Added support for query profiling that is efficient enough to be enabled all the time by introducing the auto_profile_type engine variable with FULL and LITE options for automatic profiling. The enable_auto_profile engine variable must be set to ON for the FULL or LITE options to work.

Visual Explain via SHOW PROFILE UI and EXPLAIN

Using the SHOW PROFILE UI or EXPLAIN UI commands will generate a URL that, when opened, loads a visual representation of the query plan on the Visual Explain website.

User ATTRIBUTE and COMMENT Fields

Added ATTRIBUTE and COMMENT fields for users. These can be set via the CREATE USER and ALTER USER commands. The values are shown in the INFORMATION_SCHEMA.USERS view. Example syntax:

SQL

CREATE USER 'user1'@'localhost' ATTRIBUTE '{"phone": "1234567890"}';

CREATE USER 'user1'@'localhost' COMMENT 'Some information about user1';

ALTER USER 'user1'@'localhost' ATTRIBUTE '{"phone": "1234567890"}';

ALTER USER 'user1'@'localhost' COMMENT 'some comment about user1';

ALTER USER 'user1'@'localhost' ATTRIBUTE '{"phone": "1234567890"}' COMMENT 'some comment about user1';

SELECT USER, ATTRIBUTE, COMMENT from INFORMATION_SCHEMA.USERS WHERE user='user1';

+-------------+-------------------------+------------------------------+
| USER        | ATTRIBUTE               | COMMENT                      |
+-------------+-------------------------+------------------------------+
| user1       | {"phone": "1234567890"} | some information about user1 |
+-------------+-------------------------+------------------------------+

The value for ATTRIBUTE must be a valid JSON object. When setting both ATTRIBUTE and COMMENT in the same SQL statement, ATTRIBUTE must come first.

Full-Text Search Is Now Supported on utf8mb4 Data

The updated full-text search tokenizer in version 8.1 supports utf8mb4. The tokenizer properly tokenizes emojis and other extended 4-byte characters. In addition, certain emoji and glyph characters in utf8mb3 are also recognized as their own token rather than being treated as blanks.

New full-text indexes will use the new tokenizer when created. For existing full-text indexes, you can leave them as they are, using the old tokenizer, or you can drop old/existing indexes (via DROP INDEX or ALTER TABLE DROP INDEX) and recreate them via the new ALTER TABLE ADD FULLTEXT statement.

Other than adding proper support for emojis and extended characters, full-text search behavior using the new tokenizer is different from that of the previous tokenizer only in some rare edge cases. These are extremely unlikely to have any negative user impact.

SASL OAUTHBEARER Authentication Mechanism

Added the ability to configure Simple Authentication and Security Layer (SASL) OAUTHBEARER for use with Kafka pipelines. OAuthBearer support in Kafka enables clients to authenticate with Kafka using OAuth 2.0 tokens. With OAuthBearer support in Kafka pipelines, clients can use an OAuth 2.0 access token to authenticate with Kafka brokers and perform operations such as producing and consuming messages.

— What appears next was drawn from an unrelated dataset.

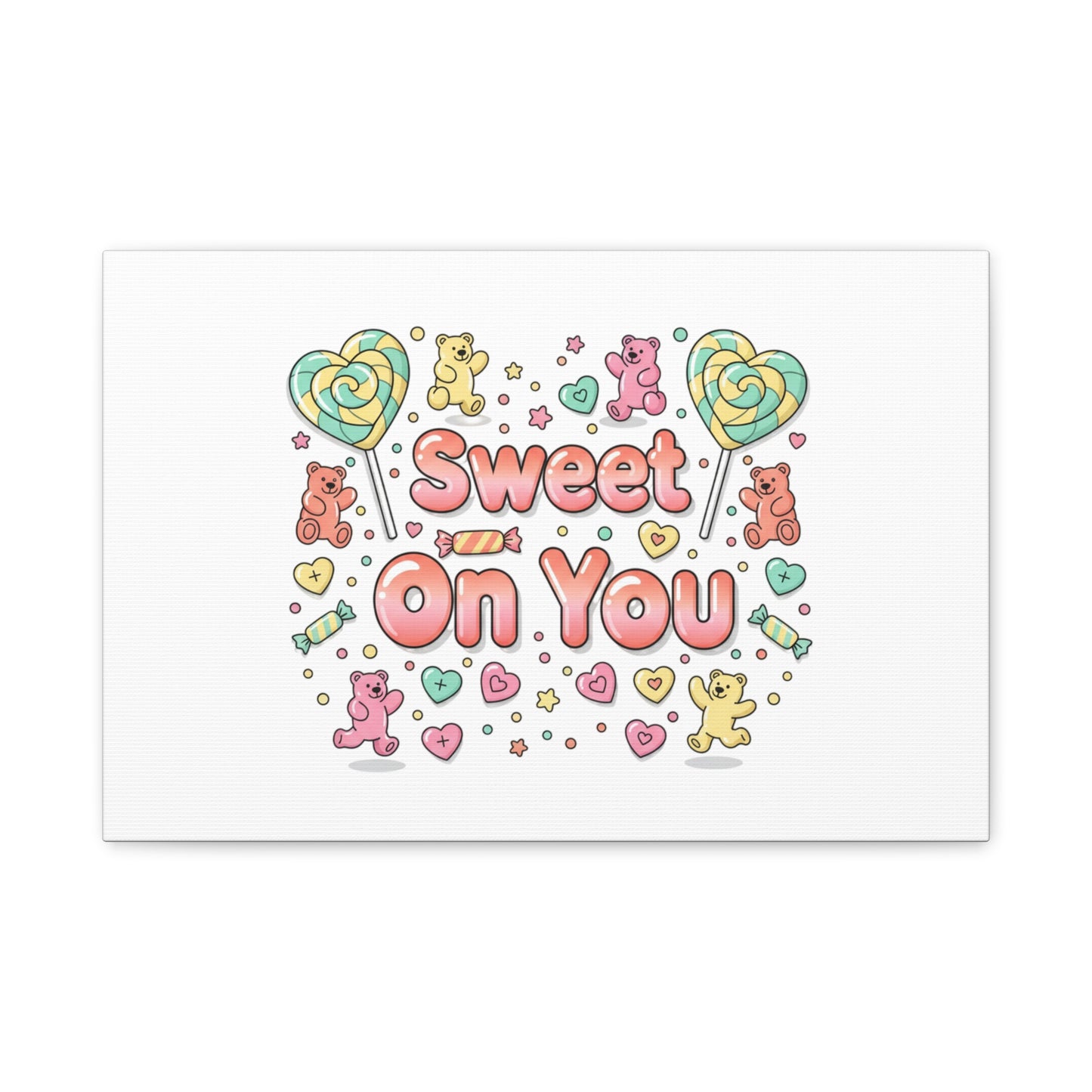Sweet On You Canvas | Valentine Candycore heart candy pattern, pastel snackcore art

Trace Log Rotation Function

SingleStore now has a built-in trace log rotation function (added in version 8.1.25). This is separate from and mutually exclusive of any manual log rotation implementation already in place, so if you want to use the new function and already have a solution in place using logrotate or similar, you will need to disable that before enabling this new rotation feature.

The built-in trace log rotation feature can be configured to rotate logs based on their size or based on time. You can also, optionally, configure it to automatically delete logs after a specified number of days. The default, when the feature is enabled, is to never delete logs.

The new trace log rotation feature is disabled by default. See Rotating Trace Log to Manage its Size for information on how to enable and configure the new rotation feature.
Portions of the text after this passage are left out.